Ich rede heute nicht vom harten Training, vom perfekten Workout-Plan oder vom teuren Abo. Ich rede von Bewegung im ganz schlichten Sinne: Körper bewegen. Täglich. Auf eine Art, die sich gut anfühlt und in dein Leben passt.


Was tägliche Bewegung mit deinem Darm macht

Du fragst dich, was Bewegung mit Darmgesundheit zu tun hat? Sehr viel. Körperliche Aktivität regt die Darmbewegung (Peristaltik) an. Sie hilft, Verstopfungen zu lösen, Blähungen zu reduzieren und den Verdauungstrakt in Schwung zu halten. Studien zeigen außerdem, dass regelmäßige Bewegung die Diversität des Darmmikrobioms erhöht – also die Vielfalt nützlicher Bakterien.
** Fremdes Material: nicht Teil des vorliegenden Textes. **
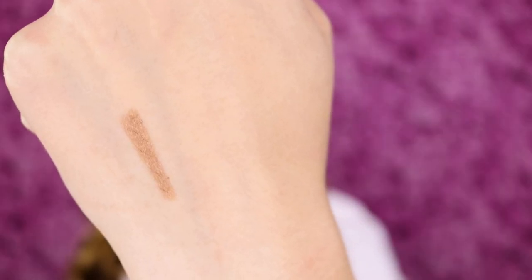It has a very nice creamy formula and a really nice metallic brown shade, which is a shade I use in a lot of eyeshadow looks, so this is a great shade to get.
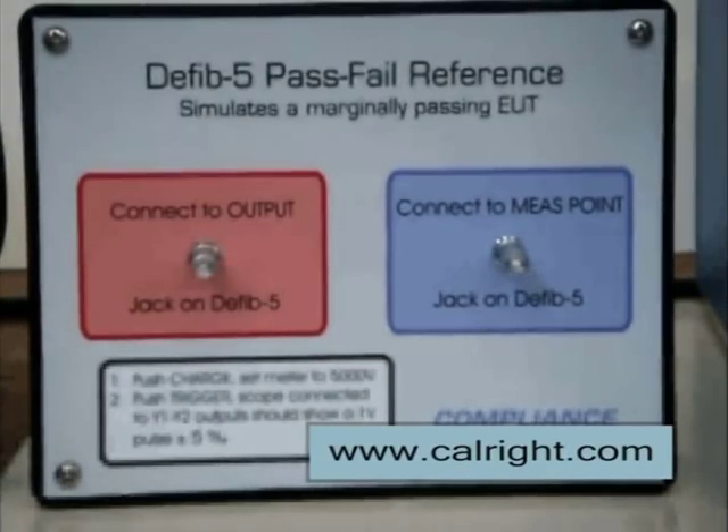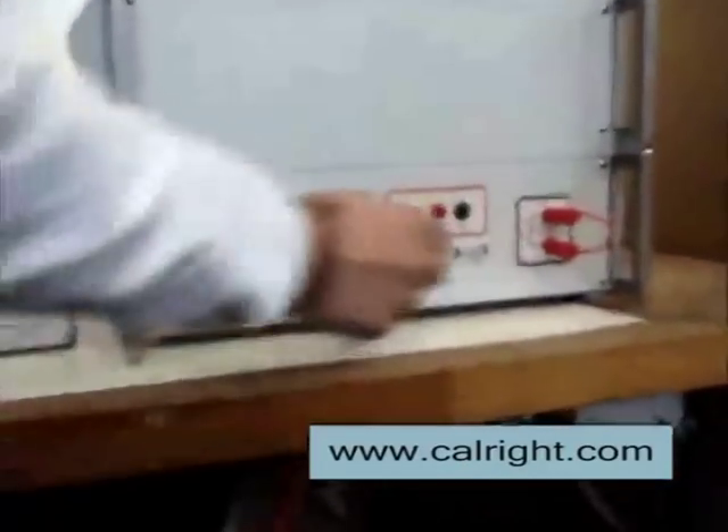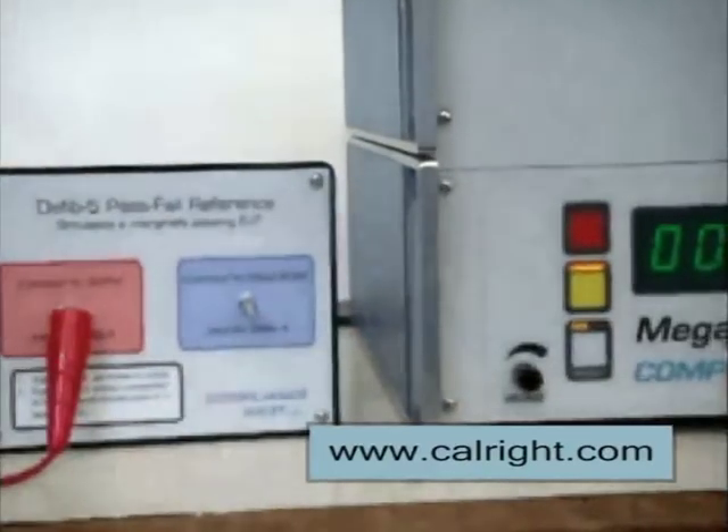Our test setup consists of the D-Fib 5, the pass-fail reference, and an oscilloscope. First, connect the 50-ohm output receptacle on the D-Fib 5 to the pink terminal of the pass-fail reference. The pink terminal of the pass-fail reference represents a patient connection on the device under test.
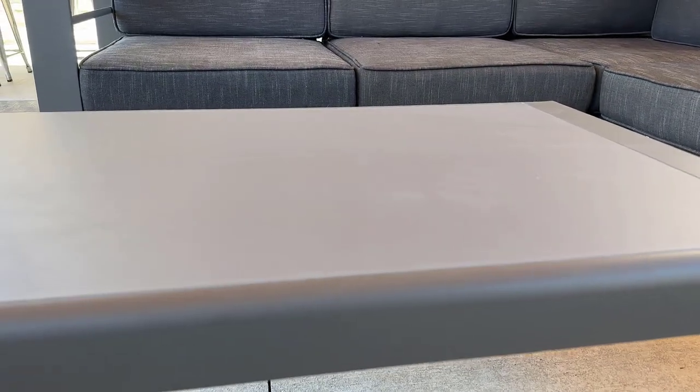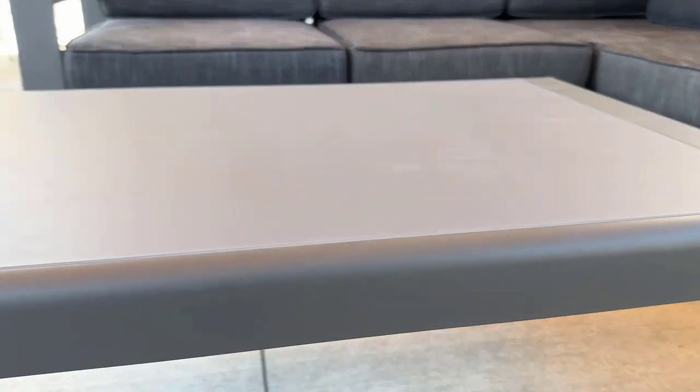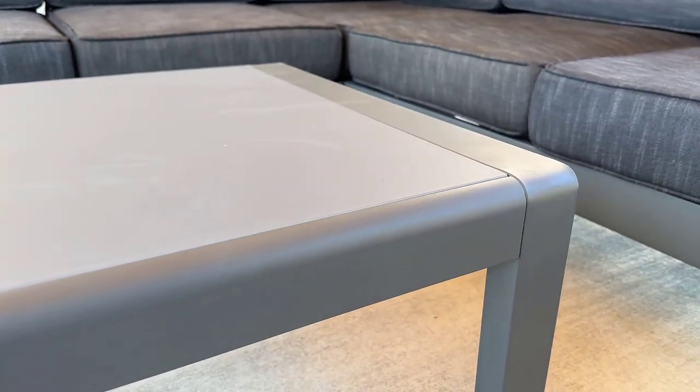We do have to wipe the pollen off because of course that gets on any outdoor furniture, but we've been really happy with it. I also like that it has a modern square shape but it does not have sharp corners, so I think that also makes it a really good coffee table.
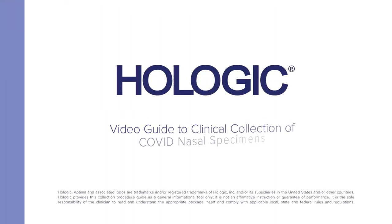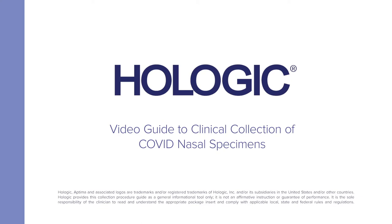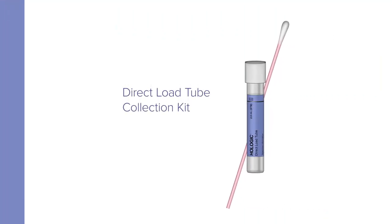Hologic presents a video guide to the collection of COVID nasal specimens by clinicians using the direct load tube collection kit.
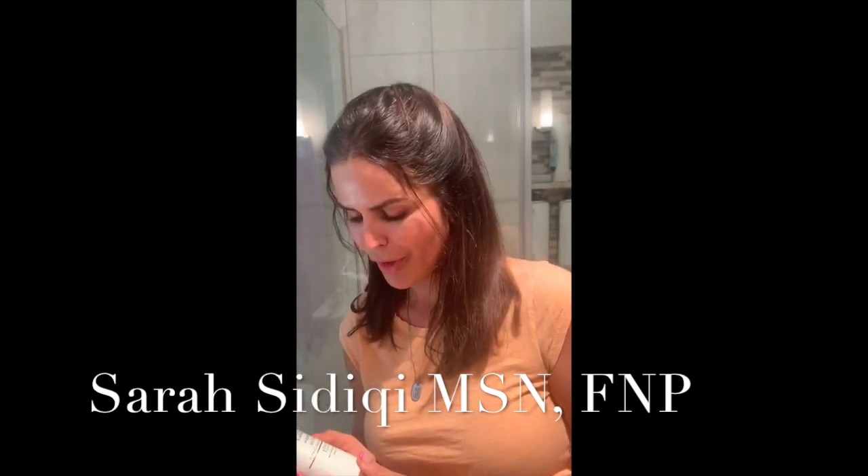I just wanted to tell you about this face wash that I'm currently in love with. It is good for all skin types. It's the Body and Beauty Lab Purify and Detox Citrus Gel Cleanser, and it's great for all skin types.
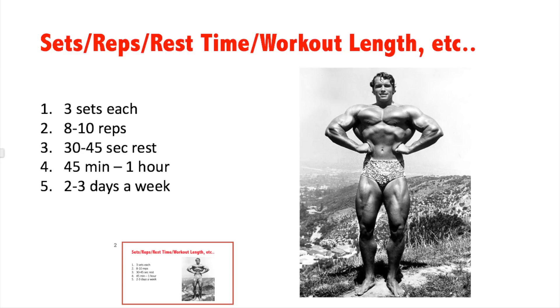This workout should take about 45 minutes to an hour. If you're following the 30 to 45 seconds of rest between sets and not doing reps super slowly, you should finish within that window. I did something similar today, but had to take extra time because people were hogging machines and on their phones, which added about 30 minutes of waiting.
Und nicht nur das: Bewegung baut Stresshormon ab, verbessert den Schlaf, stärkt das Immunsystem und sorgt für mehr Energie. All das wirkt sich direkt auf dein Wohlbefinden aus – und auf die Gesundheit deines Darms.



Meine täglichen Bewegungsmomente – ganz ohne Fitnessstudio

Ich habe aufgehört, Bewegung als Pflicht zu sehen, die ich irgendwie in meinen Tag quetschen muss. Stattdessen suche ich mir täglich kleine Fenster: Morgens zehn Minuten Stretching. Zu Fuß zum Bäcker statt mit dem Auto. Die Treppe statt dem Aufzug. Nach dem Mittagessen ein kurzer Spaziergang.

Diese kleinen Dinge summieren sich. Und sie fühlen sich nie wie Anstrengung an – sie fühlen sich nach Fürsorge für mich selbst an.


Die Bewegung finden, die zu dir passt

Tanz, Yoga, Radfahren, Schwimmen, Walken, Gartenarbeit – jede Form von Bewegung zählt. Die beste Bewegung ist die, die du wirklich machst. Nicht die, die du dir vornimmst und dann abbrichst. Wenn du Musik liebst, tanz in der Küche. Wenn du Natur liebst, geh täglich eine Runde um den Block.

Stell dir eine einzige Frage: Was für eine Bewegung würde mir heute gut tun? Und dann tu es – auch wenn es nur fünf Minuten sind.


Die 10-Minuten-Regel

Wenn gar nichts geht, gilt: zehn Minuten bewusste Bewegung sind besser als gar keine. Das ist keine Ausrede, das ist ein Einstieg. Und meistens werden aus zehn Minuten zwanzig – weil sich der Körper so gut anfühlt, sobald er in Bewegung kommt.

Was ist deine liebste Art, dich täglich zu bewegen? Ich freue mich auf deine Antwort!